» **Problem details**:
Report back every line of the entries that contains "Retro", exactly as written.

------------------------------------------------

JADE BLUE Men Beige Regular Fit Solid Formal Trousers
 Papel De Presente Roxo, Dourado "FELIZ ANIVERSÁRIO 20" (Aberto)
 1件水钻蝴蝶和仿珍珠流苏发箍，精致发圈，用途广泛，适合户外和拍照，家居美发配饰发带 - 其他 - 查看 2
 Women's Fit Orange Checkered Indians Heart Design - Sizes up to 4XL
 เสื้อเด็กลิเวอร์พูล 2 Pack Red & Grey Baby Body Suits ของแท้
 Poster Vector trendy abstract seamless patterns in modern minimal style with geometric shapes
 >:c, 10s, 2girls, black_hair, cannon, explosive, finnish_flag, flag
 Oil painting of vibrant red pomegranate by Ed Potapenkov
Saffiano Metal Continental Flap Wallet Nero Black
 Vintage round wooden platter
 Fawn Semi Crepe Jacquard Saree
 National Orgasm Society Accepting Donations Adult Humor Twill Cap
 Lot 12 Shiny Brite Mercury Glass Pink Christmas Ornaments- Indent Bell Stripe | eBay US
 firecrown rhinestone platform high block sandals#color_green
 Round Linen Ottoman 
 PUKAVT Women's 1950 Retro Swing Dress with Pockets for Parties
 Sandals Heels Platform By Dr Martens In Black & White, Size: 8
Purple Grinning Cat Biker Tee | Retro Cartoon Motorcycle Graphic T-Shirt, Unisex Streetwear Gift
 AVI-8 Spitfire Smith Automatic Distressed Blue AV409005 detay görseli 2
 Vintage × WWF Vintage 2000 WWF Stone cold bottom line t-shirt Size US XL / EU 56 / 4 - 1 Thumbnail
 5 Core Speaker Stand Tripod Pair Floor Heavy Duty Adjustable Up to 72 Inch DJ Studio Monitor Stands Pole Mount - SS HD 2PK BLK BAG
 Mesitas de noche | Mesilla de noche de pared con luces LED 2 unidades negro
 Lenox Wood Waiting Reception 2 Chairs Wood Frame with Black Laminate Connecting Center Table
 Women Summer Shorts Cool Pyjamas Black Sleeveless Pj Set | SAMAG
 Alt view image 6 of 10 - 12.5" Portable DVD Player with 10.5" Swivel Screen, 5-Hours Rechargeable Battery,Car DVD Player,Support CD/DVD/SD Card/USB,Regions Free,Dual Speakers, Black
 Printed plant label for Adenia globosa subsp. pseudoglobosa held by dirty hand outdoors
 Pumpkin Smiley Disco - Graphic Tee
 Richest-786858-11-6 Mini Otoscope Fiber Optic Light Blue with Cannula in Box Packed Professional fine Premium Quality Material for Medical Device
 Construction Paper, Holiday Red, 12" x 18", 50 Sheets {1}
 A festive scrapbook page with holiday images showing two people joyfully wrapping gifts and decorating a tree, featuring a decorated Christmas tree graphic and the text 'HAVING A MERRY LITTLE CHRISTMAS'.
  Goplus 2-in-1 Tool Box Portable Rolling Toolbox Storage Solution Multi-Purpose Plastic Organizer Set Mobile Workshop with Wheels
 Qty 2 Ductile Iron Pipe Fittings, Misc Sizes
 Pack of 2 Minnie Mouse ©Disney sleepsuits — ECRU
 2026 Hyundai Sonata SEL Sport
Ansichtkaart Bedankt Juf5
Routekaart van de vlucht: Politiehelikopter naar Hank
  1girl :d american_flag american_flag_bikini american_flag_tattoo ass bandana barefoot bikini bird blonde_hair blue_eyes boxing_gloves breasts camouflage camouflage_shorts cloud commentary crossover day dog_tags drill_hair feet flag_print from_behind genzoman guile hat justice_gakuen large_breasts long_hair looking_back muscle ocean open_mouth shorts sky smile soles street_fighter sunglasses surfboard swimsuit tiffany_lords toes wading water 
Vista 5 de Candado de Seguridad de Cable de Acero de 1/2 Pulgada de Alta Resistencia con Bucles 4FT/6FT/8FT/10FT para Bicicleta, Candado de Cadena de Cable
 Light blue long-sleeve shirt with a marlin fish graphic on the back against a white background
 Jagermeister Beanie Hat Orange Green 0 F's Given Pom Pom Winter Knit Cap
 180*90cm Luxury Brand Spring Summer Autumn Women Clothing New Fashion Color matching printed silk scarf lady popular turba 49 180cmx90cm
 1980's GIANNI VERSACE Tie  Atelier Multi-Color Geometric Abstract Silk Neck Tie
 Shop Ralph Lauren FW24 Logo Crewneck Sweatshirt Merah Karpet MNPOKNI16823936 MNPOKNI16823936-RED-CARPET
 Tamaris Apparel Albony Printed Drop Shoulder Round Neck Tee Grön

------------------------------------------------

» **Answer to this exercise**:
 PUKAVT Women's 1950 Retro Swing Dress with Pockets for Parties
Purple Grinning Cat Biker Tee | Retro Cartoon Motorcycle Graphic T-Shirt, Unisex Streetwear Gift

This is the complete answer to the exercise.